Data to use:
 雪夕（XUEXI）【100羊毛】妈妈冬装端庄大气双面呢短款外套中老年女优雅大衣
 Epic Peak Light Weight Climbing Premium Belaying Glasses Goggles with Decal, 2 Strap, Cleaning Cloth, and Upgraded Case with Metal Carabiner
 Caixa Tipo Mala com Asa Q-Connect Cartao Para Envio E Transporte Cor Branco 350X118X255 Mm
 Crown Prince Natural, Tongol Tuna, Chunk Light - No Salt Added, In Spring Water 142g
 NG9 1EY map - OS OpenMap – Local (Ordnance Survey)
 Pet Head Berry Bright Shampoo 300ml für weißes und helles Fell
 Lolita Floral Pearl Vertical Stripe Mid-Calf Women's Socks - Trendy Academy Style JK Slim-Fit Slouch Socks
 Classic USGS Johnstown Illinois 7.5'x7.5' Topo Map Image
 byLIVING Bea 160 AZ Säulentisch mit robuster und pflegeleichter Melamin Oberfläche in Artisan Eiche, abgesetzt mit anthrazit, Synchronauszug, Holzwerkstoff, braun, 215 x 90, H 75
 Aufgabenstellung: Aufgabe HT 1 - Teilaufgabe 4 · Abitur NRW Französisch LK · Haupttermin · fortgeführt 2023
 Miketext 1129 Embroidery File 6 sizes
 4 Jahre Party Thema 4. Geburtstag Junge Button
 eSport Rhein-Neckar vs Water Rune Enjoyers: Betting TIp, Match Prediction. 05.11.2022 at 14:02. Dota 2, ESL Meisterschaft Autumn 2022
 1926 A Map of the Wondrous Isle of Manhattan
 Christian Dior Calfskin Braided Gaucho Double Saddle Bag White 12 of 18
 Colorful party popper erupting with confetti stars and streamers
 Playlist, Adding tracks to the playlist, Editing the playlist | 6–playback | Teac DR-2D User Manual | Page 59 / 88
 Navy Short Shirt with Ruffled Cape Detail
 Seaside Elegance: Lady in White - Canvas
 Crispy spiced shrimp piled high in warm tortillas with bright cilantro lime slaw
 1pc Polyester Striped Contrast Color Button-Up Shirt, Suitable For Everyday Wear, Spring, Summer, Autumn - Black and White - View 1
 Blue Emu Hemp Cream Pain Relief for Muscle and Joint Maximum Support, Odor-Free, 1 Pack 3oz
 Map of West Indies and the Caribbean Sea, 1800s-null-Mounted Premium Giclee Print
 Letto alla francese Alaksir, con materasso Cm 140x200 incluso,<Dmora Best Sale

What needs to be done: Print each entry above word for word, leaving none out.

Expected answer:
 雪夕（XUEXI）【100羊毛】妈妈冬装端庄大气双面呢短款外套中老年女优雅大衣
 Epic Peak Light Weight Climbing Premium Belaying Glasses Goggles with Decal, 2 Strap, Cleaning Cloth, and Upgraded Case with Metal Carabiner
 Caixa Tipo Mala com Asa Q-Connect Cartao Para Envio E Transporte Cor Branco 350X118X255 Mm
 Crown Prince Natural, Tongol Tuna, Chunk Light - No Salt Added, In Spring Water 142g
 NG9 1EY map - OS OpenMap – Local (Ordnance Survey)
 Pet Head Berry Bright Shampoo 300ml für weißes und helles Fell
 Lolita Floral Pearl Vertical Stripe Mid-Calf Women's Socks - Trendy Academy Style JK Slim-Fit Slouch Socks
 Classic USGS Johnstown Illinois 7.5'x7.5' Topo Map Image
 byLIVING Bea 160 AZ Säulentisch mit robuster und pflegeleichter Melamin Oberfläche in Artisan Eiche, abgesetzt mit anthrazit, Synchronauszug, Holzwerkstoff, braun, 215 x 90, H 75
 Aufgabenstellung: Aufgabe HT 1 - Teilaufgabe 4 · Abitur NRW Französisch LK · Haupttermin · fortgeführt 2023
 Miketext 1129 Embroidery File 6 sizes
 4 Jahre Party Thema 4. Geburtstag Junge Button
 eSport Rhein-Neckar vs Water Rune Enjoyers: Betting TIp, Match Prediction. 05.11.2022 at 14:02. Dota 2, ESL Meisterschaft Autumn 2022
 1926 A Map of the Wondrous Isle of Manhattan
 Christian Dior Calfskin Braided Gaucho Double Saddle Bag White 12 of 18
 Colorful party popper erupting with confetti stars and streamers
 Playlist, Adding tracks to the playlist, Editing the playlist | 6–playback | Teac DR-2D User Manual | Page 59 / 88
 Navy Short Shirt with Ruffled Cape Detail
 Seaside Elegance: Lady in White - Canvas
 Crispy spiced shrimp piled high in warm tortillas with bright cilantro lime slaw
 1pc Polyester Striped Contrast Color Button-Up Shirt, Suitable For Everyday Wear, Spring, Summer, Autumn - Black and White - View 1
 Blue Emu Hemp Cream Pain Relief for Muscle and Joint Maximum Support, Odor-Free, 1 Pack 3oz
 Map of West Indies and the Caribbean Sea, 1800s-null-Mounted Premium Giclee Print
 Letto alla francese Alaksir, con materasso Cm 140x200 incluso,<Dmora Best Sale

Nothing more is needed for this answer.